Calgary rallies past Colorado 7-5 after Eagles blow 4-0 lead
Colorado built a 4-0 cushion, then watched Calgary storm back 7-5, a collapse that sharpened the stakes before San Diego arrives.

Colorado looked ready to cruise into the Calder Cup Playoffs with a statement win, then instead left Calgary with a warning light flashing. The Eagles surged to a 4-0 lead early in the second period, only to watch the Wranglers erase it, seize momentum and finish off a 7-5 rally that exposed how thin the margin can be when playoff hockey starts.
Gavin Brindley drove the Colorado attack with a goal and two assists, while T.J. Hughes added a goal and an assist.
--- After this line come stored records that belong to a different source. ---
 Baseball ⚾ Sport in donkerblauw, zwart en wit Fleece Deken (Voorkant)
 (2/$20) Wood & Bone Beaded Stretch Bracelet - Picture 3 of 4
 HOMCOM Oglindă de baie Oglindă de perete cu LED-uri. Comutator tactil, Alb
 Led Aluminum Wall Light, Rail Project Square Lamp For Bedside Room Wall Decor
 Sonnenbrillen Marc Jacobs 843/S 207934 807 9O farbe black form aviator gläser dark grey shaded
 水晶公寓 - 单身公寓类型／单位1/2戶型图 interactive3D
Luke Toporowski and Jacob MacDonald also scored as the Eagles opened the game with pace and precision, pushing Calgary onto its heels and making the night feel like a mismatch. But the Wranglers answered in waves, trimming the deficit to 4-1, then 4-2 and 4-3 before tying the game and taking control in the third period.
Martin Frk was the difference late for Calgary. He scored twice and then added the empty-netter at 19:08 to complete the 7-5 finish, the kind of closing punch that playoff teams rely on when the game turns chaotic. Arsenii Sergeev absorbed Colorado’s early pressure and still turned aside 44 of 49 shots to earn the win, a heavy workload that reflected how often the Eagles were able to generate looks even after the lead slipped away.
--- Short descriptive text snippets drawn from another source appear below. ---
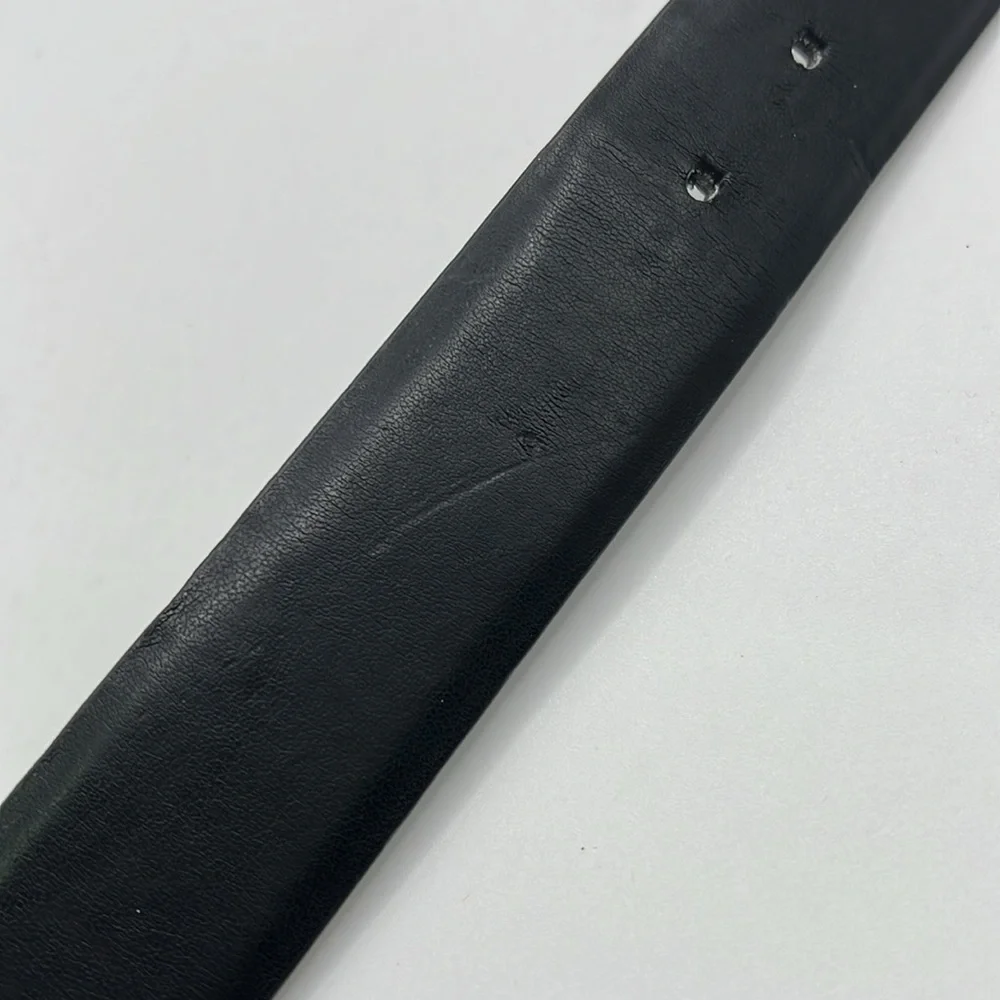 Calvin Klein Reversible Dark Brown Black Leather Belt Silver Mens Size 40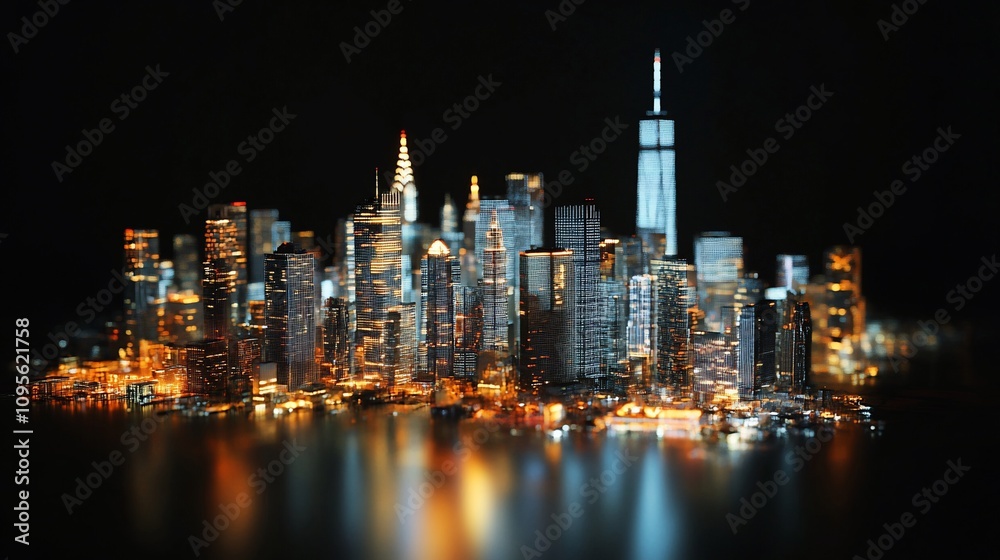 Fototapeta premium Night cityscape with skyscrapers and reflections.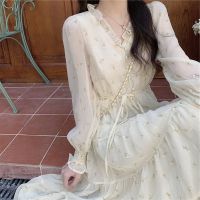 [COD] Long-sleeved dress long section 2023 spring new French first love gentle floral chiffon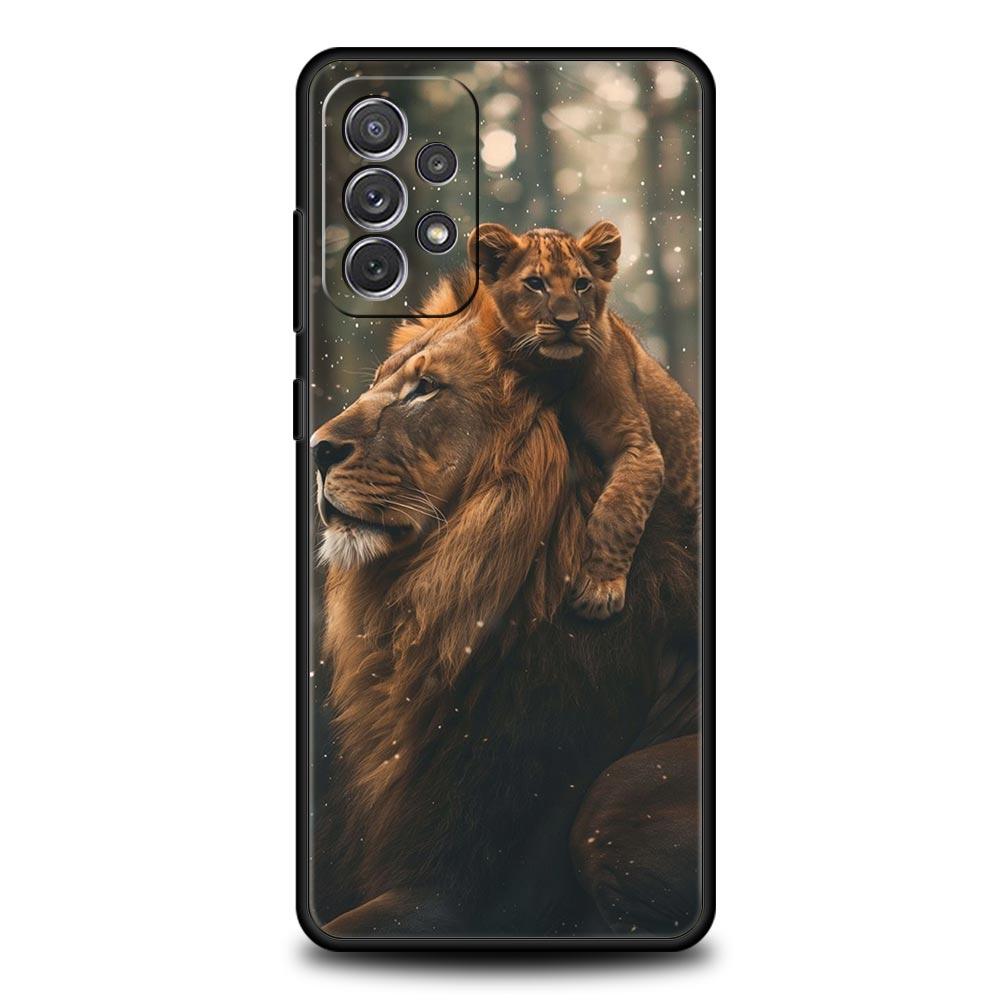 Phone Case For Samsung Galaxy A15 A13 A51 A71 A41 A31 A21S A03S A05 A35 A32 A55 A23 A25 A33 A53 A73 5G Lion Alpha Male Cub Cover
Isak Posch took the loss for Colorado, allowing six goals on 27 shots in a game that swung sharply from control to collapse. The Eagles went 2-for-7 on the power play, while Calgary finished 1-for-5, and the special-teams edge did not change the larger story: Colorado had the offense to build a cushion, but not the defensive structure to protect it once Calgary found life.

That matters because the regular season was already over, and the postseason comes immediately with no time to let a loss like this linger. Colorado finished second in the Pacific Division at 41-20-6-5 with 93 points and 237 goals, a strong regular season by any measure. The Eagles had already clinched their playoff berth on March 30, after a 2-1 win at Calgary combined with San Diego’s loss in Abbotsford.
Now the focus shifts to a Pacific Division First Round series against the No. 7 Gulls, who locked up the final playoff spot on April 12 and are back in the postseason for the first time since 2022. Game 1 is set for Wednesday, April 22, at Blue Arena in Loveland, and the Eagles will carry both their scoring depth and the memory of this collapse into a best-of-three series where one bad stretch can end a season fast.